Years before she turned to turf maintenance, Jennifer Torres worked in the crafts and fabrics department at her local Walmart.
Torres is a mother and a grandmother, a U.S. Army Veteran, a Rutgers University alumna, a superintendent at Westlake Golf and Country Club in Jackson Township, New Jersey. She is also a heck of a seamstress, a handy and applicable skill in this time of social distancing and face masks.
“I grew up in the era when we had home economics and kids learned how to cook and sew and everything,” she says. “That has helped.”
New Jersey was among the first states to require face masks in public spaces like grocery stores thanks to an executive order from Gov. Phil Murphy announced on April 8 and enforced two days later. Torres edged him by almost a week after she downloaded a face mask pattern from Pinterest and started stitching them for her family and her crew. She has finished nearly 60 — the first adorned with John Deere fabric — and requests are still filtering in. She even shipped a couple to the United Kingdom.

“The first few, I had my granddaughter help me cut them out and put them together,” Torres says. “We made it a family affair. We took a video of it and it actually fulfilled her art and math and a few other things for her schooling.” Measure twice, cut once. Good skills for an 8-year-old second-grader to learn.
“I’m getting a little quicker,” Torres says, noting that she has the process down to about 15 minutes. “The hardest part is putting the rubber bands in for the ears, because I do that by hand. The rest I do by machine.”
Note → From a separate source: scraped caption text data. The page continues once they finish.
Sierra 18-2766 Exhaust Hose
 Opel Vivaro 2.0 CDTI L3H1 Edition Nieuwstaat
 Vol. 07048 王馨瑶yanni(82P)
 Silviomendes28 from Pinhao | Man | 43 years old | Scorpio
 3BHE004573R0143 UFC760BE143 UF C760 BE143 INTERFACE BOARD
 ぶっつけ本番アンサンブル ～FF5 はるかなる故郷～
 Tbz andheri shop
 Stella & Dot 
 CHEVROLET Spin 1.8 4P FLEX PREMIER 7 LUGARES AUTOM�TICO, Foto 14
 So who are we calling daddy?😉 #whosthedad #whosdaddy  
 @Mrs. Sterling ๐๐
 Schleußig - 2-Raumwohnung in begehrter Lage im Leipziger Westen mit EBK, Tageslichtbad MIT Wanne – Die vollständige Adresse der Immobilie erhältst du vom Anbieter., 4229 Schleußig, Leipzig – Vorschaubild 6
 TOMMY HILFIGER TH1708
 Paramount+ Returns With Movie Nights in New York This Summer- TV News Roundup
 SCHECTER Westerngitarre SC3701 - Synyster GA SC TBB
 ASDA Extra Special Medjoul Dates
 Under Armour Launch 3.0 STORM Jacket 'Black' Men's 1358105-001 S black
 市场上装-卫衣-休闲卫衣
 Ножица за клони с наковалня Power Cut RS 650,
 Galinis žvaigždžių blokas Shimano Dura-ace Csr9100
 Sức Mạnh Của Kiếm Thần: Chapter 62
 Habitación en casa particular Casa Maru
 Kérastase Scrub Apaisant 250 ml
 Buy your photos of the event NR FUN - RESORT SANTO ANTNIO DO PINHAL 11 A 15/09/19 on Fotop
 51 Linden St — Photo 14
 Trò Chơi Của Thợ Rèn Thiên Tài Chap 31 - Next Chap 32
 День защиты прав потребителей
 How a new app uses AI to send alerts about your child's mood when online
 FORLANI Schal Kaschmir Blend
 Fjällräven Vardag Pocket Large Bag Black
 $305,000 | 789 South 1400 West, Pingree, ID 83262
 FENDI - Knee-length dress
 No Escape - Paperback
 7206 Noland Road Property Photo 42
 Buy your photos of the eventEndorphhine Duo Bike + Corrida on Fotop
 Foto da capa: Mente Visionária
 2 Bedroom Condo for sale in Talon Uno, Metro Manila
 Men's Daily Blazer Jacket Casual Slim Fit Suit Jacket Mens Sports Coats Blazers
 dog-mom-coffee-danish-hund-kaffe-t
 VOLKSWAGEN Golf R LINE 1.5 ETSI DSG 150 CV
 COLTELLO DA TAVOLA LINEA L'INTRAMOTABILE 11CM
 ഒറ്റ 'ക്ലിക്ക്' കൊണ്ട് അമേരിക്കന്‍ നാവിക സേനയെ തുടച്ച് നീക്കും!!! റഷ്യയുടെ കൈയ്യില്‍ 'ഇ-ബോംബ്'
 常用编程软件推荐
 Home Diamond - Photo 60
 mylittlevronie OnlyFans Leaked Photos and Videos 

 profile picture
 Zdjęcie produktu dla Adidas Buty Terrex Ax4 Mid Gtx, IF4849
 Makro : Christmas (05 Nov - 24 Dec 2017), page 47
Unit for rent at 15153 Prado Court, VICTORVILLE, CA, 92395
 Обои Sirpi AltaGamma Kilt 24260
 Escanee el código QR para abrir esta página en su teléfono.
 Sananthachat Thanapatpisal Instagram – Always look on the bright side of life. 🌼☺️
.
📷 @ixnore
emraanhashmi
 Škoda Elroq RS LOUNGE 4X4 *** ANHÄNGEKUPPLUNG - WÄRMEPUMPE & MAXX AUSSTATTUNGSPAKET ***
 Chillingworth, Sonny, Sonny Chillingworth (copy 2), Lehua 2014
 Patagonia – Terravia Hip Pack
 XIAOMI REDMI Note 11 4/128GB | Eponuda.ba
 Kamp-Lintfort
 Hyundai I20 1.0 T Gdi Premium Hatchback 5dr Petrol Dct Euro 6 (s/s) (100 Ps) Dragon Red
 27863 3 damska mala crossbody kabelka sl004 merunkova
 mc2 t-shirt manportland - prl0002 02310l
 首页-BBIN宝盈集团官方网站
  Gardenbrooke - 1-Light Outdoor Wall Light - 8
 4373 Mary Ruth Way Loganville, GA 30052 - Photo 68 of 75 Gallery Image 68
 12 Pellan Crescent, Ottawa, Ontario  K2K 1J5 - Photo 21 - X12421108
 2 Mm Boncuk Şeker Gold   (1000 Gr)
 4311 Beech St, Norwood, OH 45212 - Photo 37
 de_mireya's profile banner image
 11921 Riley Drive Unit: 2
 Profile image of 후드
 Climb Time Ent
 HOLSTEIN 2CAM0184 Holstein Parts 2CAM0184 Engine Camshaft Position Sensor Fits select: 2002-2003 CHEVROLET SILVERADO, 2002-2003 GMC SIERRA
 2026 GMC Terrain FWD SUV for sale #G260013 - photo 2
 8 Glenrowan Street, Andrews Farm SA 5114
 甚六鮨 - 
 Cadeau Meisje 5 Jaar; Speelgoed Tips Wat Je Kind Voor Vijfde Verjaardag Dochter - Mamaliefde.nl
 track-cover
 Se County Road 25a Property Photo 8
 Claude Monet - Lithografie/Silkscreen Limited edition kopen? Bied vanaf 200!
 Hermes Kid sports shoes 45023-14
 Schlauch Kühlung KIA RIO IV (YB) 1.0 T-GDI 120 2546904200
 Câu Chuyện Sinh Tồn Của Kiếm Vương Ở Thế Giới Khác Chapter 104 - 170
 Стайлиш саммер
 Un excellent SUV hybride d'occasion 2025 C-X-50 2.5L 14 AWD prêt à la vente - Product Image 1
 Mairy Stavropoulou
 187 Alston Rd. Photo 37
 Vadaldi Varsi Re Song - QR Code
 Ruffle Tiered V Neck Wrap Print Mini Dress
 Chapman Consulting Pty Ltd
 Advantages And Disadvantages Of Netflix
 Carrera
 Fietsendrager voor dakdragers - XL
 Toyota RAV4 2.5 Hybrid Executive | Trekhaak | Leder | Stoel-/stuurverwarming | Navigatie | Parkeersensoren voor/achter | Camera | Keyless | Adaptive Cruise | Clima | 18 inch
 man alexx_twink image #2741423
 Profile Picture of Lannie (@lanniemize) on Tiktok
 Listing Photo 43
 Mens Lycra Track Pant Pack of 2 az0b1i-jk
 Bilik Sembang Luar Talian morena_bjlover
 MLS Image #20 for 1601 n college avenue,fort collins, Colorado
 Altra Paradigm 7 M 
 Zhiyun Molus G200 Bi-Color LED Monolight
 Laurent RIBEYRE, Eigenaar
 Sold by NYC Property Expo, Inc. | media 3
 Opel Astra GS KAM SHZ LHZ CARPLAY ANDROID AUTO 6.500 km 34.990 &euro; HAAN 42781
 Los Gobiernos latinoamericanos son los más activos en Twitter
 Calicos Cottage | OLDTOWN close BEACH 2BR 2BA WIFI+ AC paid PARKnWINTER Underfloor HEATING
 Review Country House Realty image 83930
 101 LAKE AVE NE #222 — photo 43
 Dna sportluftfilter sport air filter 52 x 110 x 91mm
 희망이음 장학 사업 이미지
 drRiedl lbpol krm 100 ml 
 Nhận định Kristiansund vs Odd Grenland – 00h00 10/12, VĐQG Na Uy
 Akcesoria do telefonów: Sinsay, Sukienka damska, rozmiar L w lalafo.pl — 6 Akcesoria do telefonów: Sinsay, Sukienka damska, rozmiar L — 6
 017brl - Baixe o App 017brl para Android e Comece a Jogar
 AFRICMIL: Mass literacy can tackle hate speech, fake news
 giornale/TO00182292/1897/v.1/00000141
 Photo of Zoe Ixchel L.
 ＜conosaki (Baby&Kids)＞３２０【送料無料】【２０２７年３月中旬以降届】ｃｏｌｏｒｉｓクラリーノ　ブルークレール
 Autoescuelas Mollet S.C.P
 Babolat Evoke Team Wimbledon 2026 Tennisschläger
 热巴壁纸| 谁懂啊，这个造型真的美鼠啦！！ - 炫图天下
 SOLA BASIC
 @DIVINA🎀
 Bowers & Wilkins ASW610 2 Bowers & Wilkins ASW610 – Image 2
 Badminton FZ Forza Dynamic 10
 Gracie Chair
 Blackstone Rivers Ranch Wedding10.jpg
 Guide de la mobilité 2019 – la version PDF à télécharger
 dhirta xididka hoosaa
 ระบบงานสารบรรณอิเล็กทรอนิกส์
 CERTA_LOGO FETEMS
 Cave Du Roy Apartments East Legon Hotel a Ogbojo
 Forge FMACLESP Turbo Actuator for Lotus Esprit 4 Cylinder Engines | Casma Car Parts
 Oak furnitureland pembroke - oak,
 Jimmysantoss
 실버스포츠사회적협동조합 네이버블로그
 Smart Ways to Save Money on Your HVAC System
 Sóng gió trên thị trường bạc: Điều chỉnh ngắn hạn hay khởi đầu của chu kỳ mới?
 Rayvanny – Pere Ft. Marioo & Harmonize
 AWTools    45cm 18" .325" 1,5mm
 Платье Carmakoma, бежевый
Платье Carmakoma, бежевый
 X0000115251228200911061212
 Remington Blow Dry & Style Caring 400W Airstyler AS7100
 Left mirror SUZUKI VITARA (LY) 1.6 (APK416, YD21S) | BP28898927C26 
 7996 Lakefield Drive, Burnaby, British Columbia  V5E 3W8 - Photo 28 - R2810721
Masks are more prevalent on golf courses than in many other workplaces — at least among spray techs and other chemical jobs — but more superintendents have said they are wearing them along with their crews on the course and in the maintenance facility. During a webinar Monday, Traverse City Golf & Country Club superintendent Steve Hammon said he has started wearing a mask during everyday life and, looking back at March and April adjustments, he would have implemented the practice earlier both personally and professionally.
New Jersey is still more of a COVID-19 hotspot than northern Michigan right now, but face masks will likely pop up anywhere and everywhere this spring and summer. Torres recommends stitching with 100 percent cotton fabric — preferred patterns might be hard to find where fabric stores have been deemed nonessential and are still closed — and washing them regularly with soap and water.

“I guess there were a couple posts out there that said you could put them in your microwave, and that’s not a good idea,” she says with a laugh. “It actually makes organisms grow rather than kill them.”
If you have no clue how to use a sewing machine — or even just a needle and thread — Torres is still fielding requests from around the industry. Word of mouth, though, is building up a bit of a backlog for folks to cover their mouths. A bandanna or T-shirt will work in a pinch, but neither is as eye-catching as, say, the logo of an equipment manufacturer or your own club.
Matt LaWell is Golf Course Industry’s managing editor.